### Your goal
In the records that follow, locate every line with "Hotel" and extract it.

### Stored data
◇ ◇ ◇ ◇ ◇

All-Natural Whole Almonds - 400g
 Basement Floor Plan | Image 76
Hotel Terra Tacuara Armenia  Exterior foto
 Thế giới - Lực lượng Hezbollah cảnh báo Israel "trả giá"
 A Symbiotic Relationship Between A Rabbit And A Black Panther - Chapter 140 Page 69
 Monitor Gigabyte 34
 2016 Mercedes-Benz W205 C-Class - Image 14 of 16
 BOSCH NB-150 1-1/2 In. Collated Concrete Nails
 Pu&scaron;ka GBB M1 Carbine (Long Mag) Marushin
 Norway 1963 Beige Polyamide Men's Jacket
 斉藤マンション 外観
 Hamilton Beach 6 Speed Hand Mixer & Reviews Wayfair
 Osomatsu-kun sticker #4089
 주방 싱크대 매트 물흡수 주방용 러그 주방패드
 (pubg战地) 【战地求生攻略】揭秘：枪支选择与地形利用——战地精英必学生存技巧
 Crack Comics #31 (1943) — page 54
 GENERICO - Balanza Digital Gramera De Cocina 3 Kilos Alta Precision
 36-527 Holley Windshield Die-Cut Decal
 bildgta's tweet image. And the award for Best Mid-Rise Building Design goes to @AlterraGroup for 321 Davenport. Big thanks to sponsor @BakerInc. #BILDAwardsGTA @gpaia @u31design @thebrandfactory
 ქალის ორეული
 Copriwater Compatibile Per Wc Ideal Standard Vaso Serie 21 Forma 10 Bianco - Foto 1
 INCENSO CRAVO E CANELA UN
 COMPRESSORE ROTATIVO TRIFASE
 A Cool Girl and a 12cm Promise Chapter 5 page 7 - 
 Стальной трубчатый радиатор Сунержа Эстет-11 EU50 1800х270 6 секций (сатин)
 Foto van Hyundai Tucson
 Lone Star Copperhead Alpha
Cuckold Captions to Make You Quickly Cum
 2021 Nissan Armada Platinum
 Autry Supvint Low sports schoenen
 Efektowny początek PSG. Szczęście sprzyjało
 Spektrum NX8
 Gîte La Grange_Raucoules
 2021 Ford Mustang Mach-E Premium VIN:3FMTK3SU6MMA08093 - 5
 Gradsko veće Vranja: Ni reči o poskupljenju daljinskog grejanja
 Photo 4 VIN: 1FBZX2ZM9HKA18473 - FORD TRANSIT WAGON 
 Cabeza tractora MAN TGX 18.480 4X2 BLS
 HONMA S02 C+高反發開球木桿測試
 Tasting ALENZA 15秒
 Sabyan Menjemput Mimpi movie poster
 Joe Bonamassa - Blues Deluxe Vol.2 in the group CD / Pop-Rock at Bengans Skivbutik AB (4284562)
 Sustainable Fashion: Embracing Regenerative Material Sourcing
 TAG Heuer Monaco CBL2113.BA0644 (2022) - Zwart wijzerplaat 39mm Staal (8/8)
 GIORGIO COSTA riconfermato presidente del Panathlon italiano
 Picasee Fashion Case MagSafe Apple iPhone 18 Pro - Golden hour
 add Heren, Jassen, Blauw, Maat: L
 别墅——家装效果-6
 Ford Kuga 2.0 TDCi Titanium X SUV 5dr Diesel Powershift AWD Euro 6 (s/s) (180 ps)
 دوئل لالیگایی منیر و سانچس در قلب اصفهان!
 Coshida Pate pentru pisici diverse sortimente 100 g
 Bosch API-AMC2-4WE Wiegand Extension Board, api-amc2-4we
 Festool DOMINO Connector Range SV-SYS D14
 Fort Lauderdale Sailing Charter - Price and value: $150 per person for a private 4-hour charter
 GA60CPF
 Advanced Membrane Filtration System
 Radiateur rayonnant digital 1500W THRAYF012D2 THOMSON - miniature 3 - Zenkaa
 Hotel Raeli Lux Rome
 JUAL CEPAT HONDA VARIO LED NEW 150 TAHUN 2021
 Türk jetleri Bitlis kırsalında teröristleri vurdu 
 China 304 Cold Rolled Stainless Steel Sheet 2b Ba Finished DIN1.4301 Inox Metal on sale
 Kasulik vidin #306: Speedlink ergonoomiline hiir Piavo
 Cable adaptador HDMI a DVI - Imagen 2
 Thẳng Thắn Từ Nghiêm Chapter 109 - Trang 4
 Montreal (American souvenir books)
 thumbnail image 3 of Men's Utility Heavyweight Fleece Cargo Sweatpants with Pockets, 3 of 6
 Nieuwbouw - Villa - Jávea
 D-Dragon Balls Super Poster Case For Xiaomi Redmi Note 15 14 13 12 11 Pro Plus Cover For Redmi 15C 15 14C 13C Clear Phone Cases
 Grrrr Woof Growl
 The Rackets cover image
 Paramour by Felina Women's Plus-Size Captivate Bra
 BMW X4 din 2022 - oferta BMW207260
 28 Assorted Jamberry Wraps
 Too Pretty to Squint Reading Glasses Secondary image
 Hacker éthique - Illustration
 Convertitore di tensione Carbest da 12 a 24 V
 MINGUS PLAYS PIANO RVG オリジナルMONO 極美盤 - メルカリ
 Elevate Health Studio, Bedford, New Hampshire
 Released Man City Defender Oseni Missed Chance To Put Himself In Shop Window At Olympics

◇ ◇ ◇ ◇ ◇

### Output of the task
Hotel Terra Tacuara Armenia  Exterior foto
 Hotel Raeli Lux Rome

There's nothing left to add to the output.